Another specially designed experiment tool is for the visualization of effect of quorum sensing, which is displayed on spatial-level through a donor/receiver system. The donor cells, which merely express and release AHL, would activate the GFP expression of receiver cells through AHL diffusion. This is validated on the agar plate, by dropping the donor cells in the center and receiver cells around them with different distances. We found a progressive decrease in fluorescence as the receiver cells locate farther from central AHL donor. (Figure 10A) Then GFP gene is exchanged for dCas9 with companion of constantly-expressed single guide RNA to establish the qs-CRISPRri system. Through the donor-receiver system, we realized spatial-level control of cell growth (Figure 10B). Receiver colonies located nearer to the donor grow much slower than farther ones, which is observed in either dropping or smearing plate.
These measurements really display the creativity of our team.
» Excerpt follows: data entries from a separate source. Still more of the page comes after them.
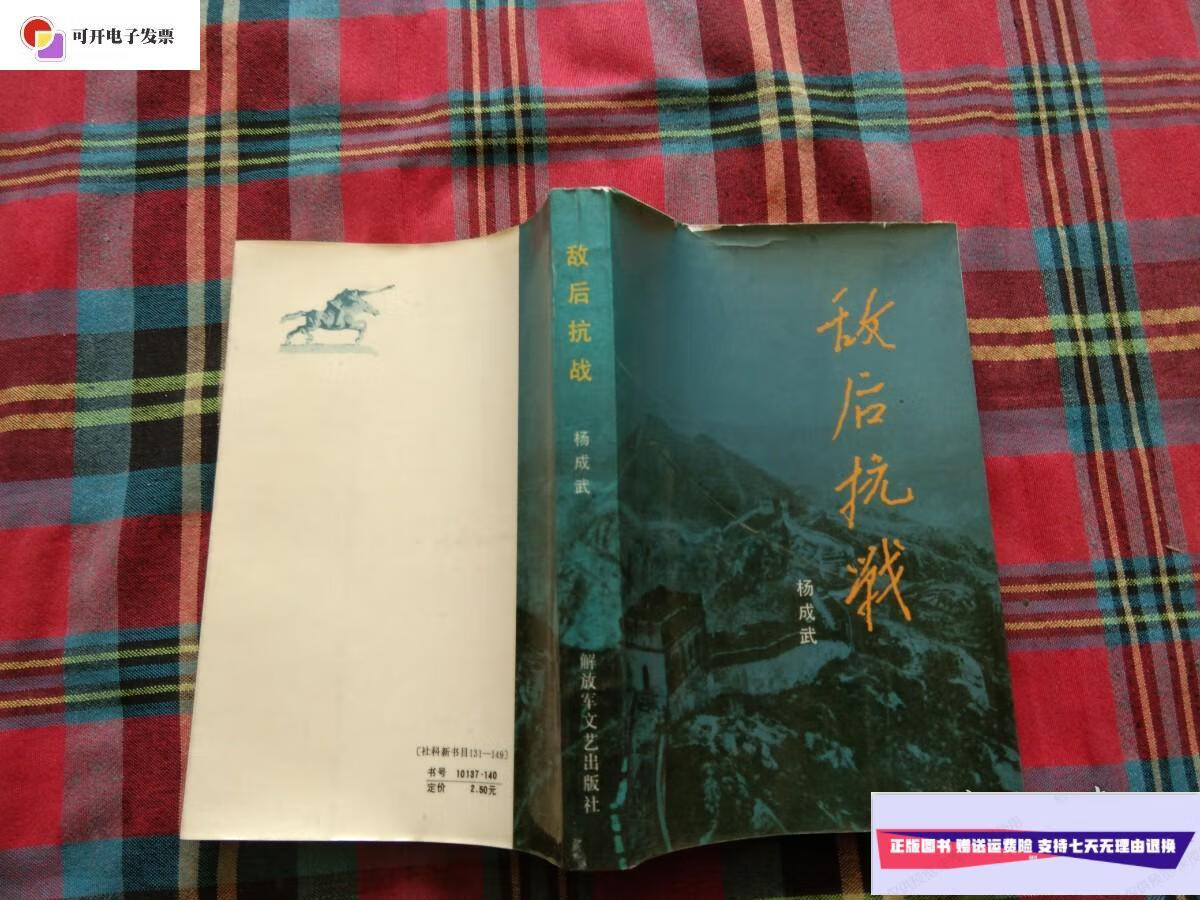 【二手9成新】敌后抗战 杨成武签赠本 /杨成武 解放军文艺出版社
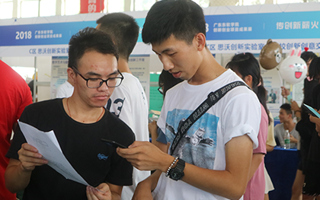 “传创新薪火 筑梦想舞台”2018年beat365中文官方网站创新创业项目成果展顺利举行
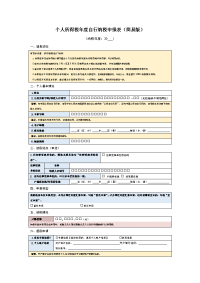 个人所得税年度自行纳税申报表（简易版）.doc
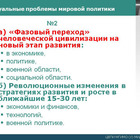 Preview 6780983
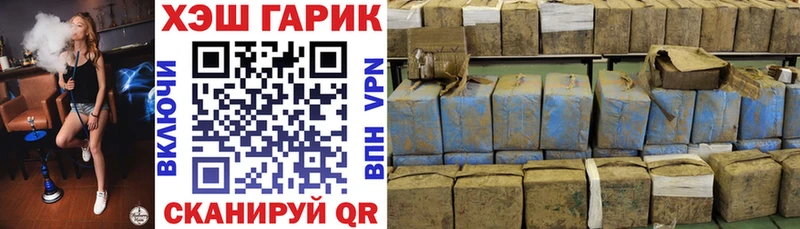 ГАШИШ 40% ТГК где купить наркоту Волгодонск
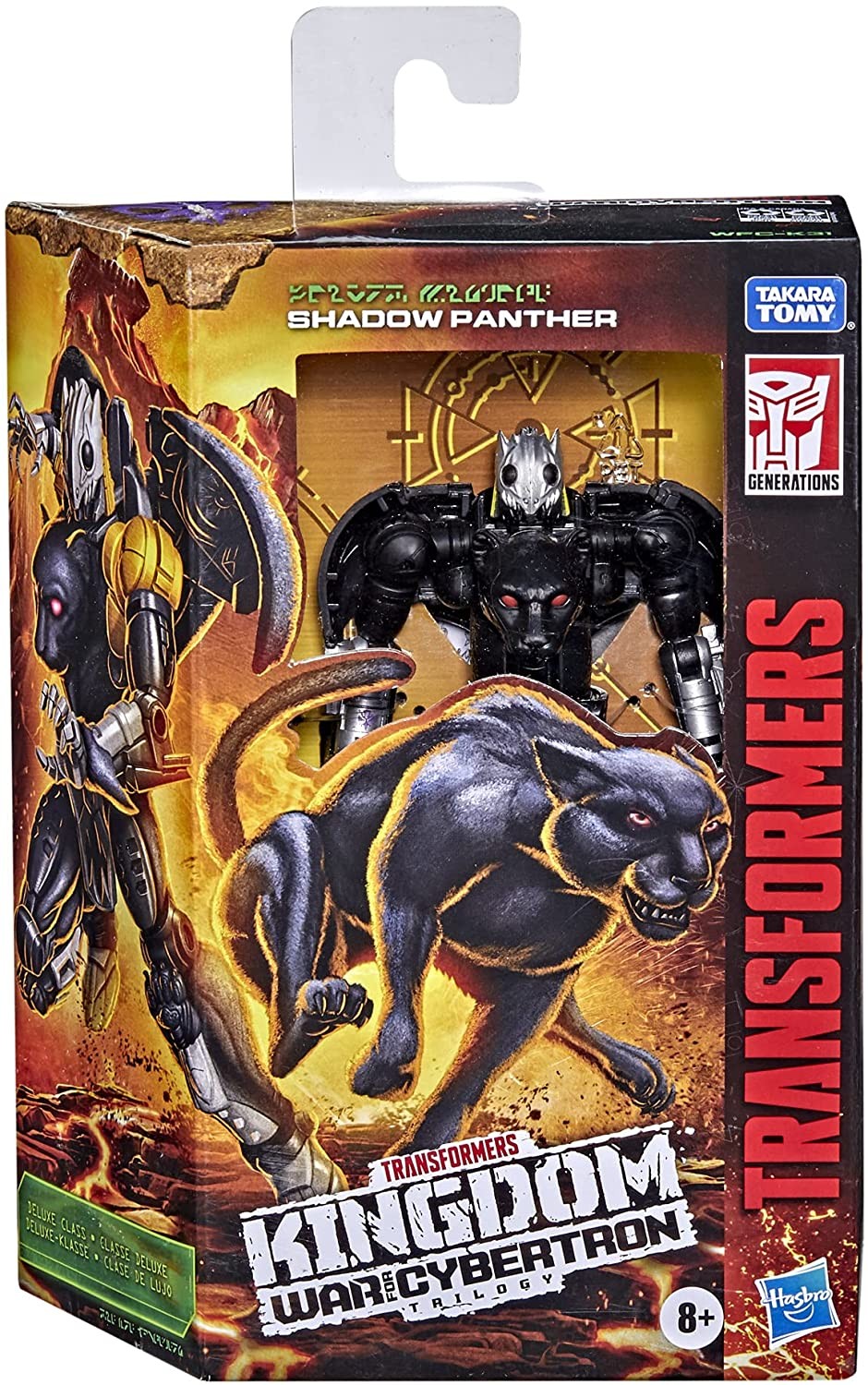 Transformers News: Official Images and Listings for Kingdom Deluxe Shadow Panther, Waspinator, Pipes and Slammer Transformers News: Official Images and Listings for Kingdom Deluxe Shadow Panther, Waspinator, Pipes and Slammer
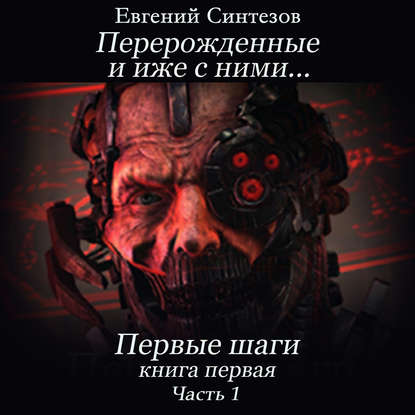 01-01, Первые шаги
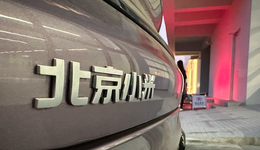 魏建军上微博：不只向雷军学习流量之术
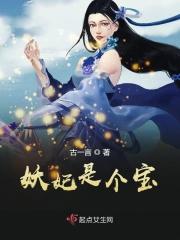 妖妃是祸水得宠着最新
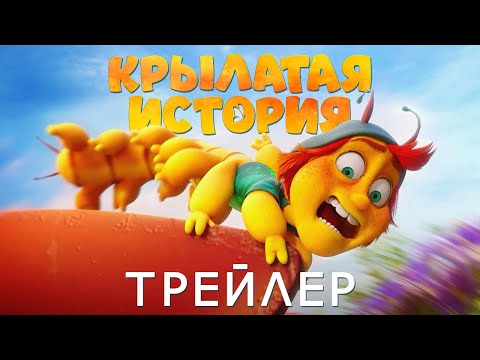 «Крылатая история» — Русский трейлер (2023)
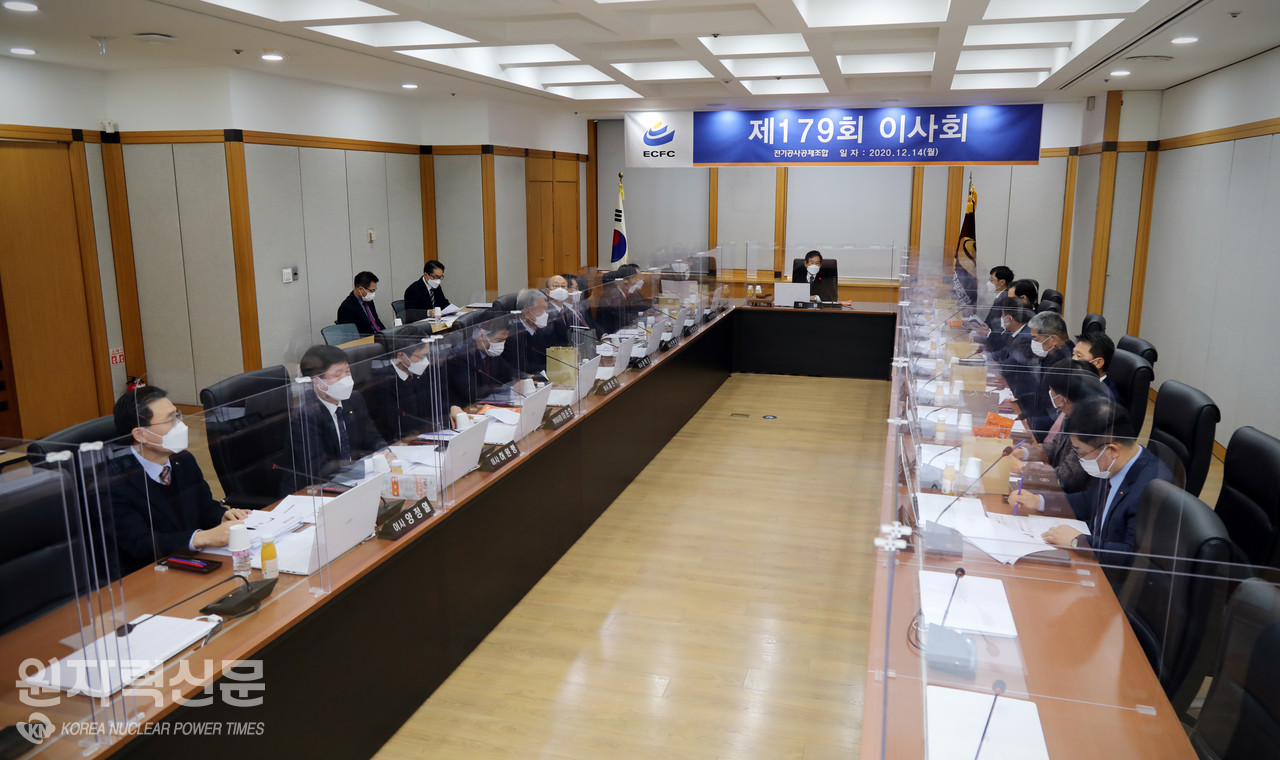전기공사공제조합은 14일 서울 논현동 소재 조합 회관에서 ‘제179회 이사회’를 개최했다.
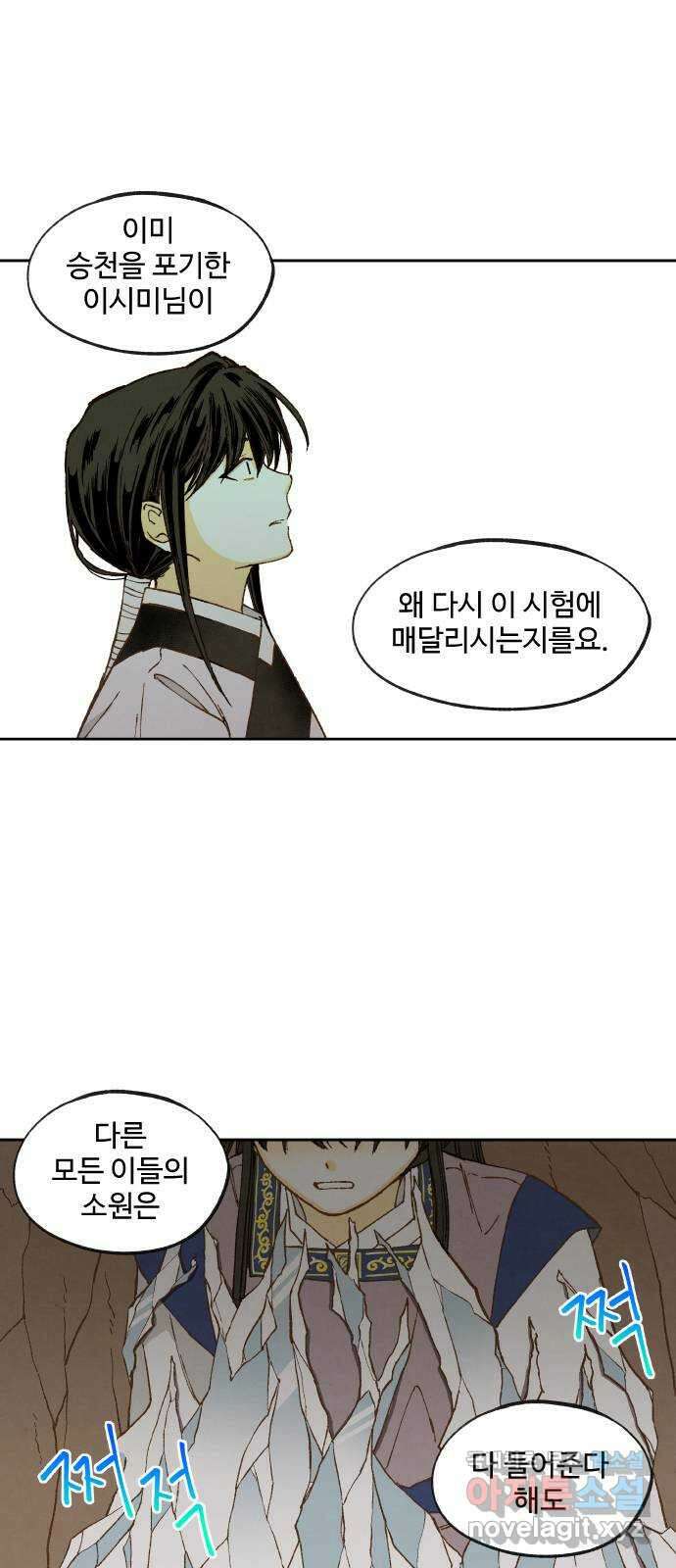 합격시켜주세용 156화 38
Figure 10.(A)The donor-receiver split quorum sensing system of CRISPRri system. Upper figure is the gene circuit of donor and receiver cells of qs-CRISPRri system. For the figure below, a donor-receiver split quorum sensing GFP system enables fluorescent intensity control on spatial scale. Left figure is the sketch map of how donor and receiver bacteria is dropped onto the agar plate. Right figure is the real picture of agar plate under illumination of blue light. The location of the white arrow is the donor cells. Receiver cells are marked by number one to six.(B)Spatial-level growth control of donor-receiver split qs-CRISPRri system. For both two agar plates, the colony located at the center is the donor cells.
Portable measurements allow transplantation into other experiments
Portability is reflected in two aspects. The first one is the measuring methods we use, and the second one is our methods for processing measured data.
Our measurement of cell physiological parameters in microfluidics can be applied to other experiments about cell division, cell cycle, etc. We were glad to collaborate with iGEM team of Tsinghua. They wanted to collect some data on cell asymmetric division, and showed their interest upon hearing of our microfluidic chips system. We helped them image their engineered bacteria. We believe our whole set of measurement and subsequent image processing have strong portability, since it feature in exceptional stability, autonomy, and ability to generate large mass of temporal data with relatively low input of human resource.